Florida’s Medical Marijuana Patient Count Grew 71 Percent In The Past Two Years

Separately, applications submitted by caregivers to access medical cannabis for on behalf of patients has increased over the past two years by 46 percent.

By Andrew Powell, The Center Square.

According to the official in charge of Florida’s medical marijuana program, the number of active patients has increased 71 percent over the past two years.

Christopher Kimball, the Director of the Office of Medical Marijuana Use, provided statistics to the Florida House Healthcare Regulation Subcommittee Tallahassee Wednesday as they discussed the medical marijuana industry in the Sunshine State.

Kimball told the committee what the office is doing to ensure patients are receiving safety-tested medical marijuana and that it does not end up in the hands of children.

Kimball said that applications submitted by caregivers to access medical marijuana for their clients has increased over the past two calendar years by 46 percent and overall, the number of applications has averaged an additional 100,000 applications each year.

Kimball added that over the past two years, active patient numbers have climbed by 71 percent, from 455,425 active patients in 2020 to 779,465 by the end of 2022. According to Kimball, the number of qualified physicians with certifications rose by 102 from 2019-2020 to a total of 1,725 in 2022.

The Office of Medical Marijuana Use is part of the Florida Department of Health and regulates the medical marijuana industry, including the development and implementation of rules and oversight. It also maintains the database of physicians and patients who qualify.

Kimball’s presentation went over some recent enhancements to the Medical Marijuana User Registry, and it included same-day approvals, the creation of a qualified physician document dashboard to allow physicians to manage required documents for their patients and the implementation of daily dose limits.

Also included in these enhancements is the ability to track the purchase of medical marijuana by caregivers and additional security measures have been implemented on the database to protect customer privacy.

In terms of patient privacy, Kimball said that access to the states’ medical marijuana database is only allowed by law enforcement if the patient is part of an active investigation and that the privacy of those on the registry is a top priority.

The office does not regulate doctors, according to Kimball, however, the Department of Health oversees their medical marijuana certifications, practice and quality assurance.

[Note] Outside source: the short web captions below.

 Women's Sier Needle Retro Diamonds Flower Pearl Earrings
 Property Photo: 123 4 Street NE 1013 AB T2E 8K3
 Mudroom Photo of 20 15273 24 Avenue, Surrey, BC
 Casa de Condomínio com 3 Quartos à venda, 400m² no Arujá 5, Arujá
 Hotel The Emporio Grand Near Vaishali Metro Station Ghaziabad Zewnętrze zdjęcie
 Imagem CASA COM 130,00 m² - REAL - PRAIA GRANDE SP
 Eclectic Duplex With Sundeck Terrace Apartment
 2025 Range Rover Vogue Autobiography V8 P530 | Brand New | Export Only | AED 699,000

Medical marijuana treatment centers are required to test the product for both potency and for any contaminants, using a marijuana testing laboratory before selling to customers. Currently, there are eleven certified testing labs in Florida.

Each treatment center licensee should be cultivating, processing and selling its own marijuana products, to help with accountability so if anything is found to be unsafe, it can easily be traced back to the source.

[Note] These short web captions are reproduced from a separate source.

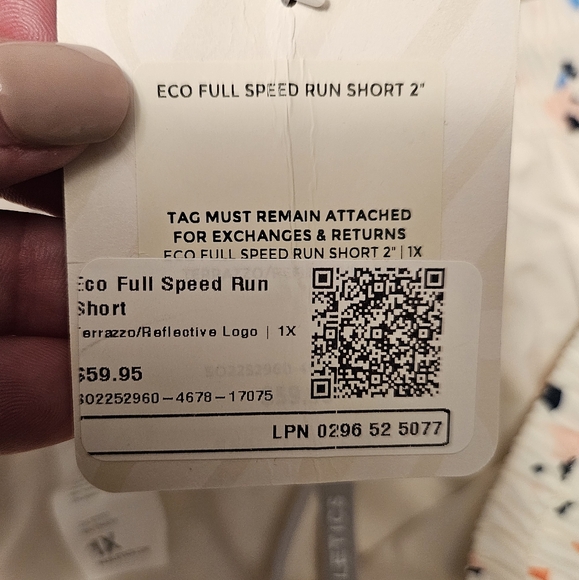 Fabletics shorts NWT - Picture 8 of 8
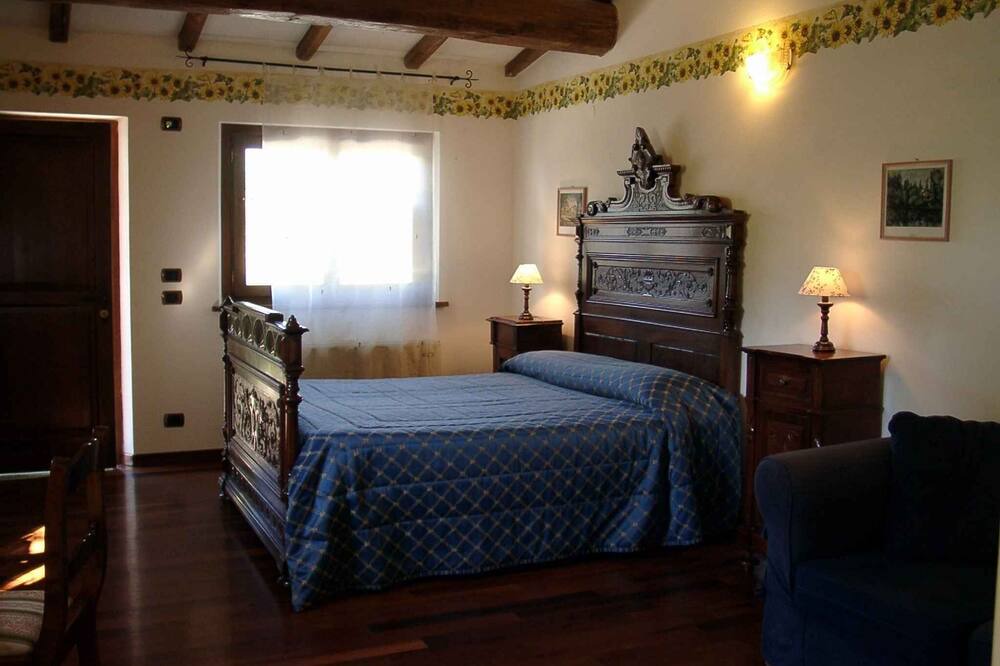 Photo of Bedroom in Ramazzano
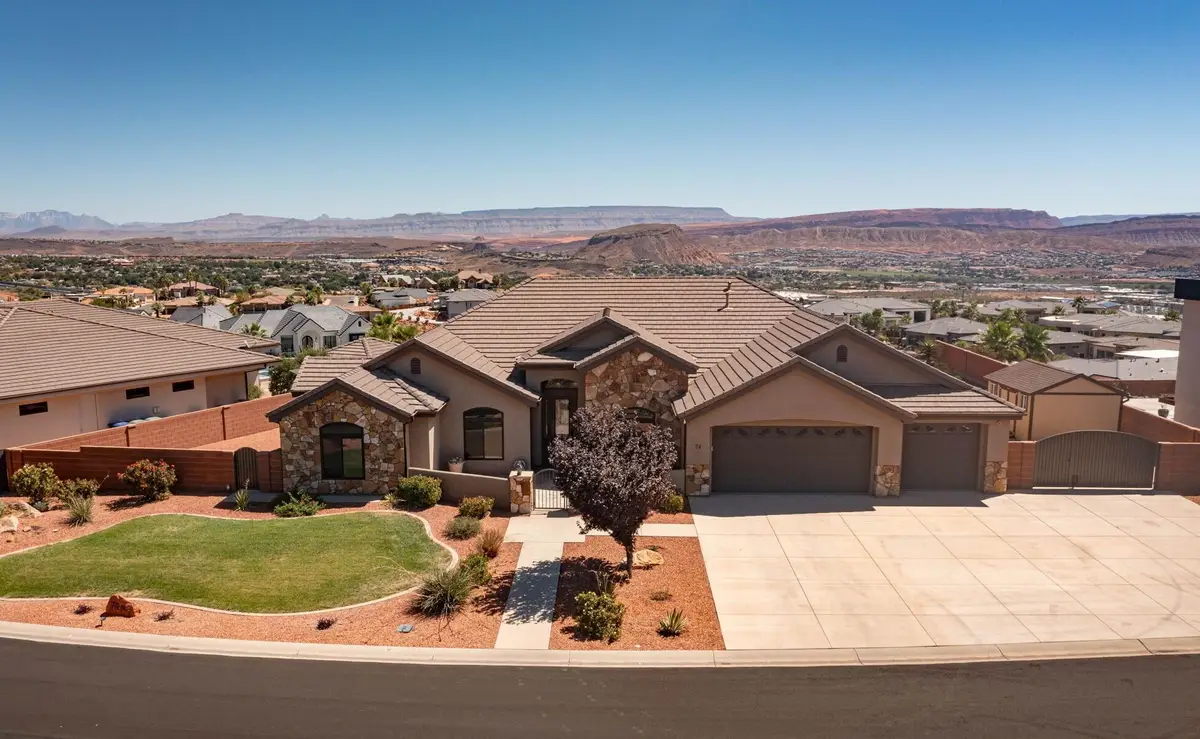 74 N Cliffside Dr, Washington, UT 84780 - #1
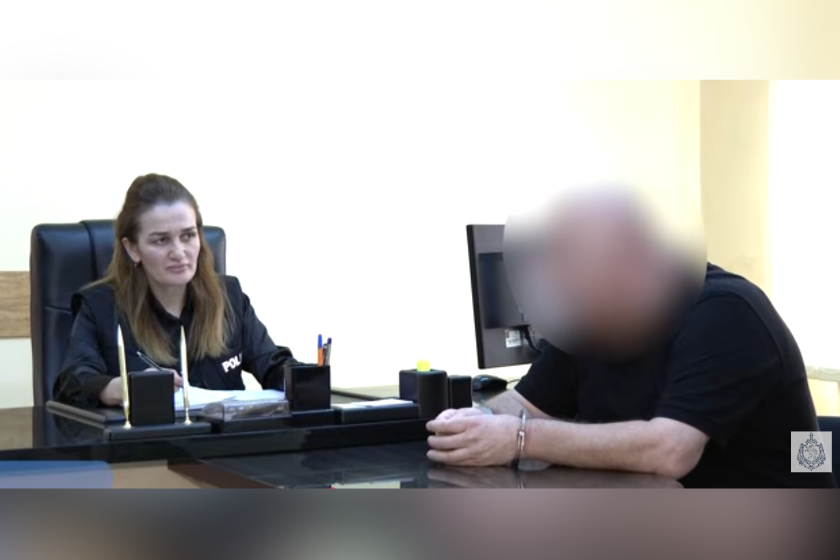 სამართალდამცველებმა აჭარაში ჯგუფურად ჩადენილი თაღლითობის ბრალდებით ორი პირი დააკავეს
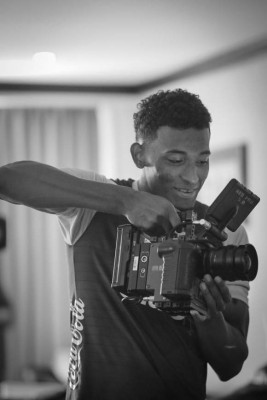 Un baño de refrescante de Darixon Vuelto, piscina y todo lo demás: las fotos más curiosas de la preparación Sub-23 de Honduras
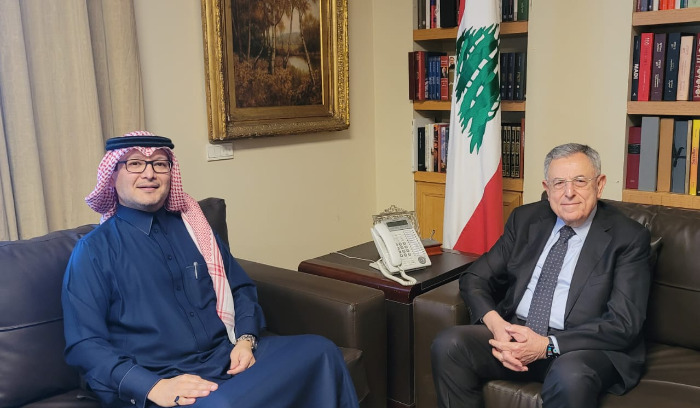 السنيورة عرض والسفير السعودي الاوضاع والعلاقات الثنائية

State Rep. Allison Tant, D-Tallahassee, asked Kimball about delta 8—a federally legal THC synthetic cannabinoid, which has been shown by some research to be unsafe—and how the DOH is preventing Delta 8 from getting into the hands of patients and minors.

“There are no approved delta 8 products being dispensed in Florida’s dispensing facilities… I have children too, so these things concern me.” Kimball said, adding that there should be perhaps a deeper conversation on the sale of synthetics, but reiterated that they are not being dispensed from licensed facilities.

Further refinement to rules and regulations will be worked through by the DOH via workshops, and to ensure transparency, the public will be able to put their own opinions or concerns forward during these workshops.